Öncelikle öykü ile filmin nerelerde bağdaştığından bahsederek başlayalım. Umacı adlı öykü psikiyatrist Will Harper ile ona gelen hastası Lester Billings’in arasında geçen bir seansı içerirken, filmde bu seans az bir yer tutuyor ve senaryo tamamen Will Harper ve kızları üzerinden ilerliyor. Yani aslında öyküde yer almayan bir olaylar zincirini konu ediniyor. Bu bağlamda yalnızca genel olarak öyküde yer alan karakterlerden ilham alınarak geliştirdiği söylenebilse de uyarlama olduğunu söylemek biraz zorlaşıyor.
İkinci olarak Umacı üzerinden ilerleyecek olursak; Boogeyman karanlık korkusu ile özdeşleşmiş ve çocukların bu korkusuyla bağlantılı bir şehir efsanesi. The Boogeyman filminde de daha önce Pixar’ın animasyon olarak gösterime sokmuş olduğu Monsters, Inc. (2001) ya da 16 yıl (15 sezon) devam eden kült diziler arasında kendine yer bulan Supernatural (2005-2020) dizisinin yaratıcısı Eric Kipke’nin senaristleri arasında yer aldığı, Stephen Kay tarafından çekilen Boogeyman (2005) filmlerine benzer şekilde dolap kapaklarını kapı olarak kullanarak çocukları kaçıran, öldüren ya da korkutan canavar hikâyesi işleniyor.

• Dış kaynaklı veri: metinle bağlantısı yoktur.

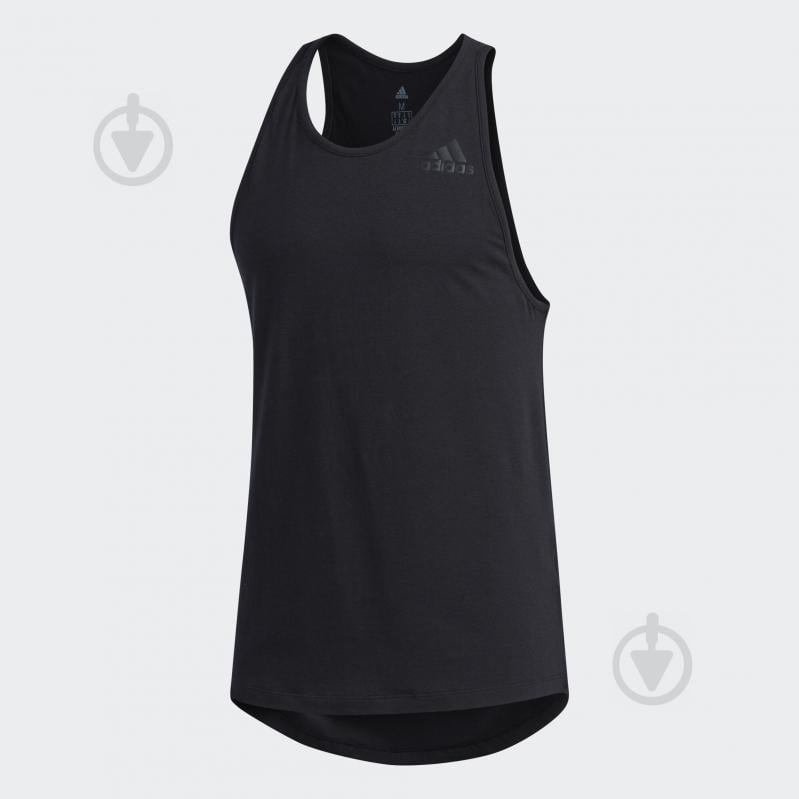 Майка Adidas CITY BASE TANK FL1514 р.S черный - фото 1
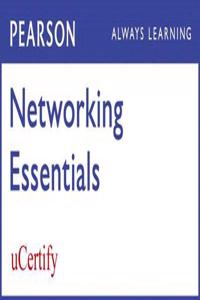 Networking Essentials Pearson uCertify Course Student Access Card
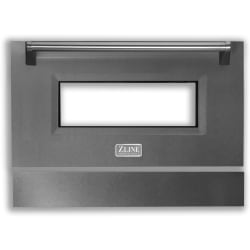 30 Inch Stainless Steel Range Door: DuraSnow Stainless Steel - Front View view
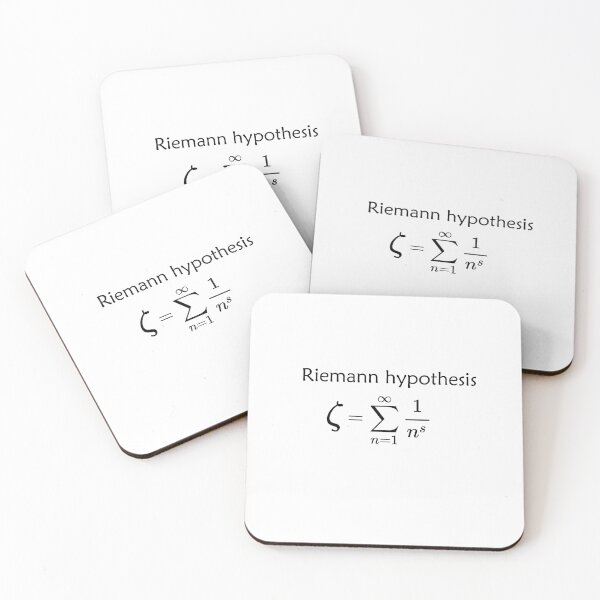 Item preview, Riemann Hypothesis Design | Funny Math & Geek Humor | Algebra, Geometry & Physics Shirt designed and sold by sciencefacts.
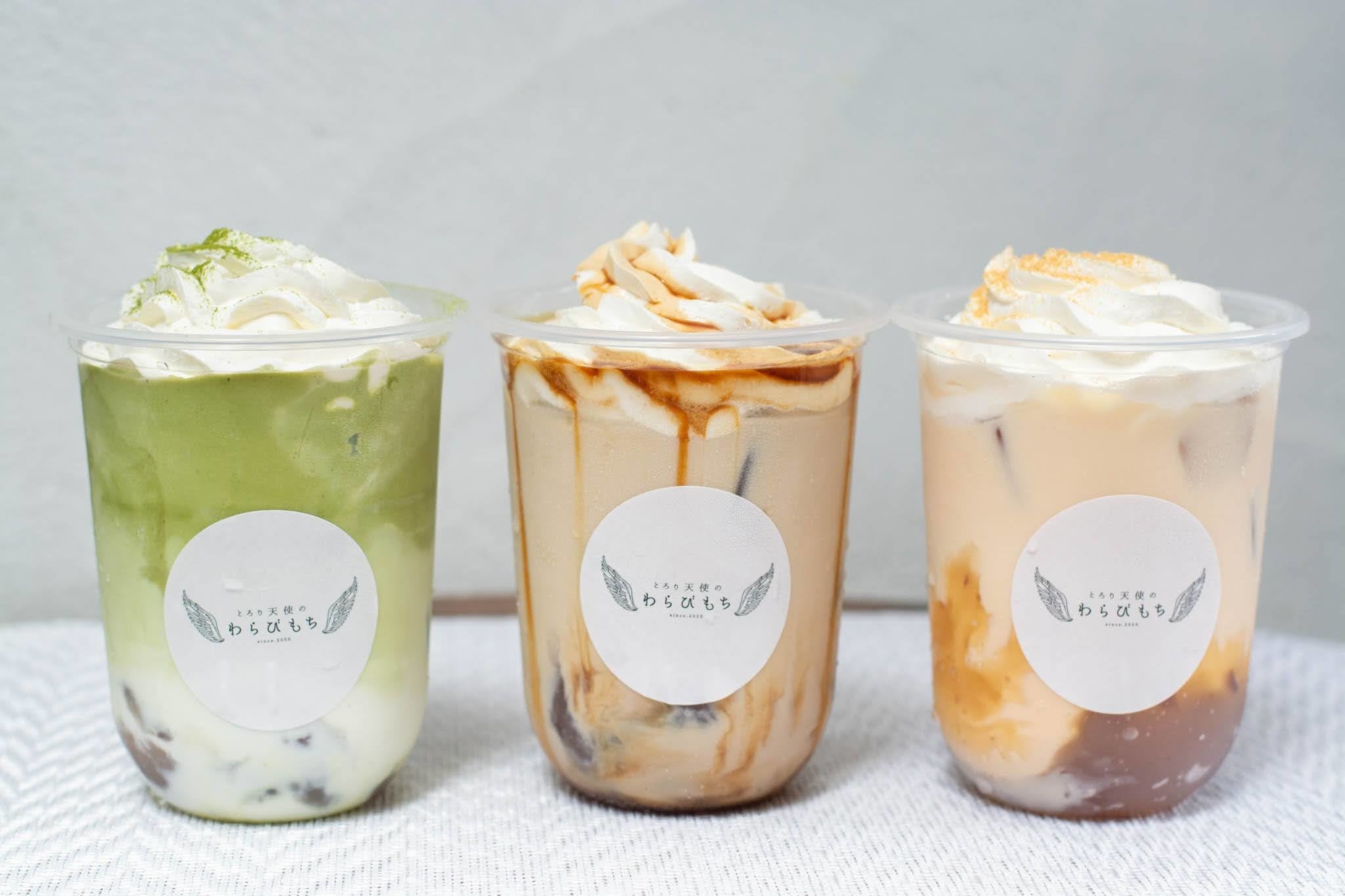 とろっとろな食感で話題沸騰の人気店 とろり天使のわらびもち が7 1 金 に岩手県初上陸 株式会社birthdayのプレスリリース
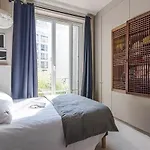 Appartement Chic Pres De L\'Arc De Triomphe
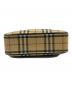 中古・古着 BURBERRY LONDON (バーバリーロンドン) ノバチェックハンドバッグ ベージュ：25000円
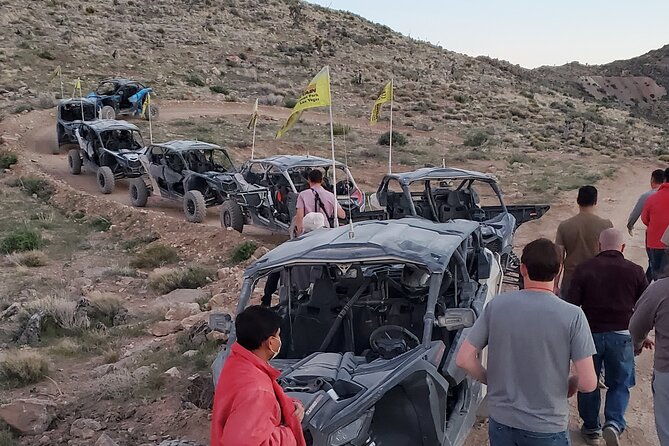 Off Road UTV and 3-Gun Shooting Package in Las Vegas - What to wear and bring so you do not suffer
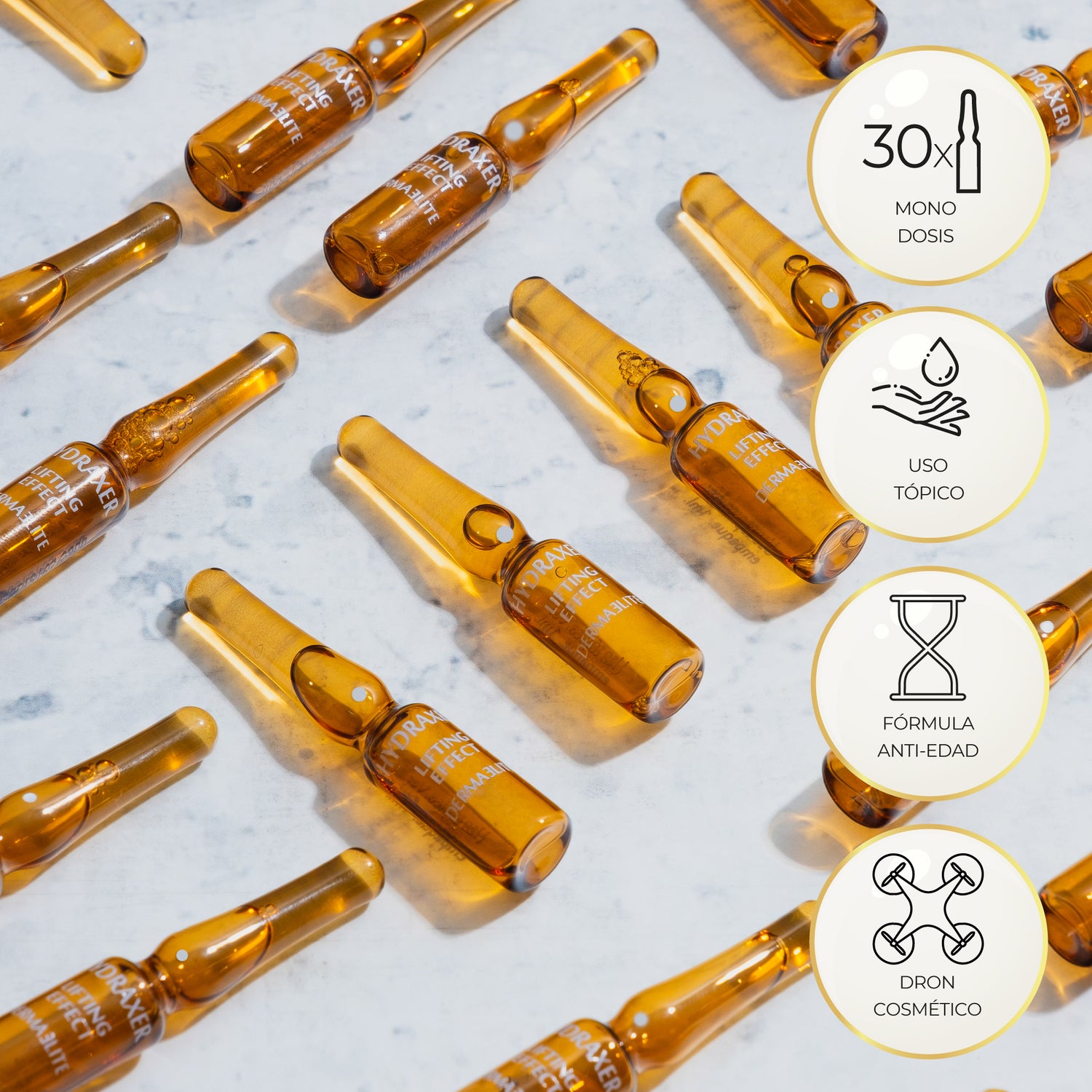 Hydraxer Lifting Effect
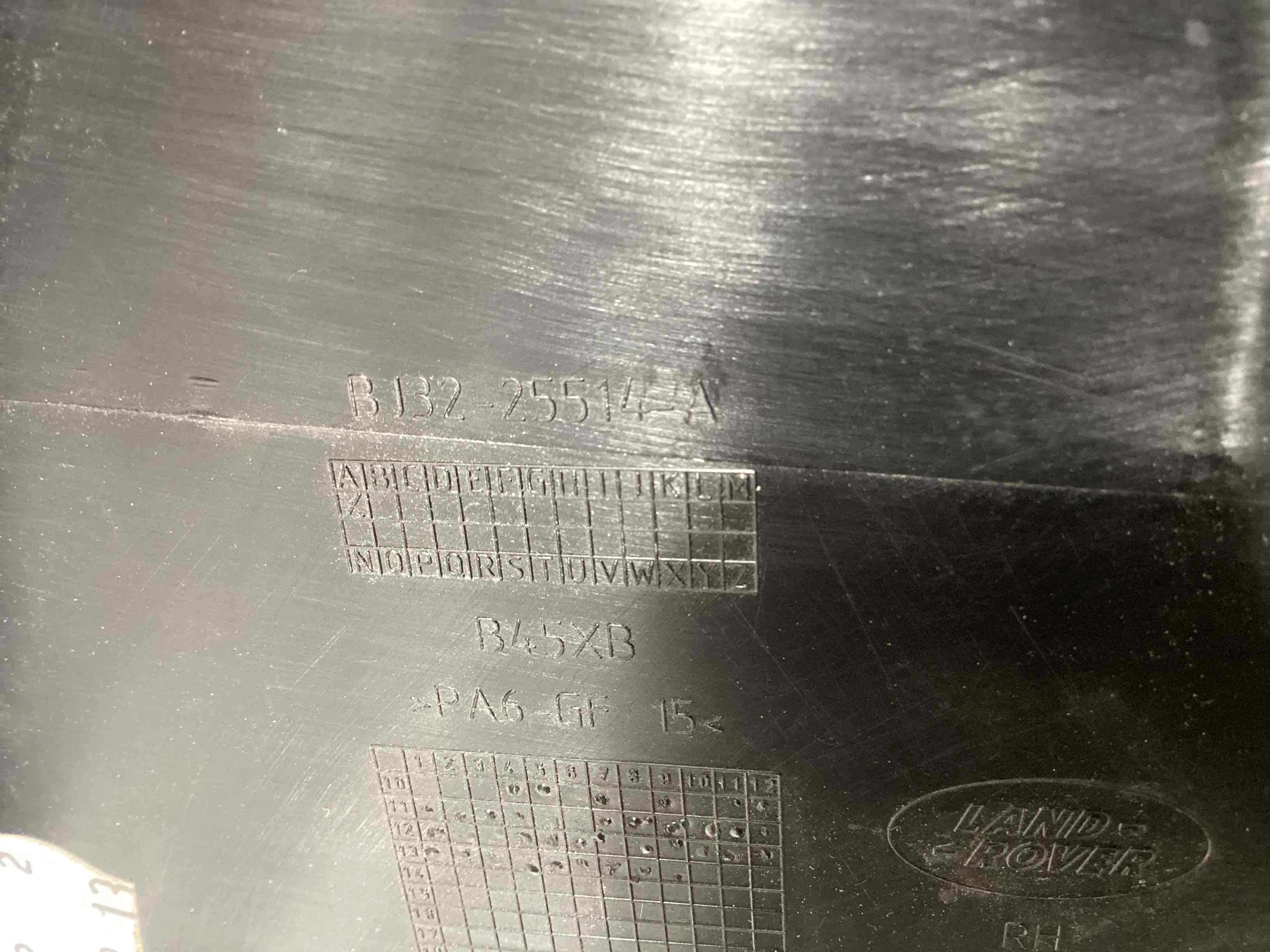 Накладка на дверь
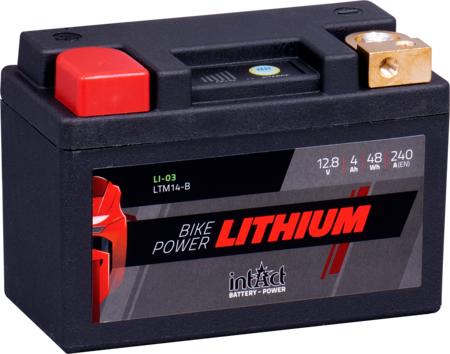 Actual product image Intact Bike Power Lithium (14 V, 4 Ah, 240 A)
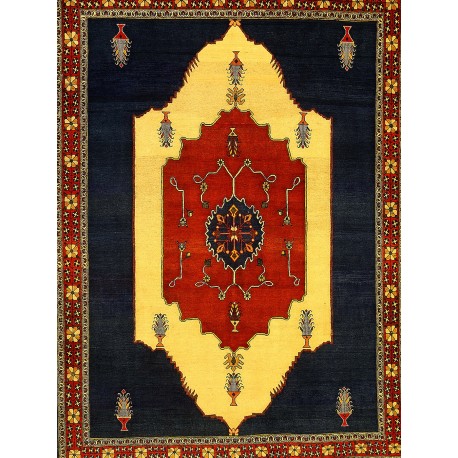 Tappeto Gabbeh 292x214 ADAMELLO TAPPETI Tappeto Gabbeh FINE 292x214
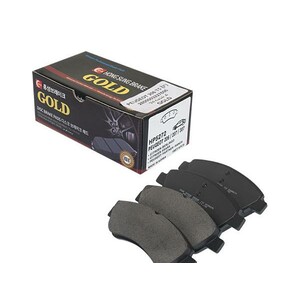 لنت ترمز جلو گلد GOLD مدل HP 5272 مناسب پژو 207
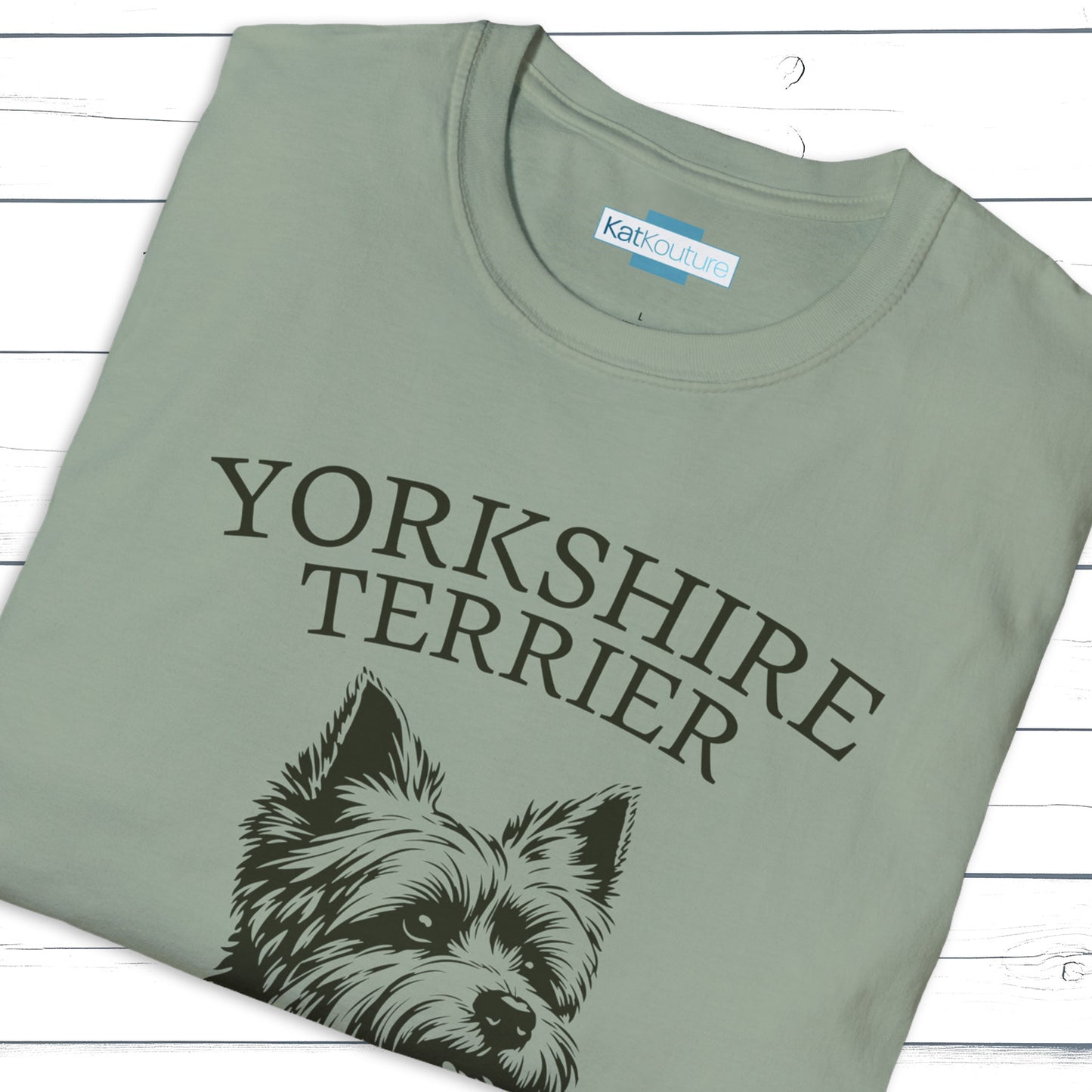 Yorkshire Terrier T-Shirt – Home Is Where The Yorkshire Terrier Is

Dinamik kamera hareketlerinin kullanıldığı, görsel efektlerinin başarılı ve oyuncuların performanslarının da oldukça gerçekçi olduğu film; bahsi geçen birinci ve ikinci durumlar üzerinden maalesef oldukça sıradan bir film olmakla yetiniyor. Ne başarılı bir uyarlama denebilecek yapıya sahip ne de kendisinden on sekiz yıl önce çekilmiş olan başarılı bir filmin üzerine çıkma çabası bulunuyor. İyi bir film olmasına karşın izlenip sinemadan çıktıktan sonra izleyicide bir iz bırakacak etkiye maalesef ulaşması mümkün görünmüyor. Aralarda yaptığı 19 rakamı gibi Stephen King göndermeleri ise sadece King’in sadık okurlarının anlayabileceği ufak detaylar ile sınırlı kalıyor.
Sonuç olarak The Boogeyman; son zamanlarda ülkemizde gösterime giren amatör yerli ve yabancı korku filmlerine göre fazlasıyla başarılı ancak korkusever kitle için yeni bir şey söyleyemeyen kaliteli bir yapım.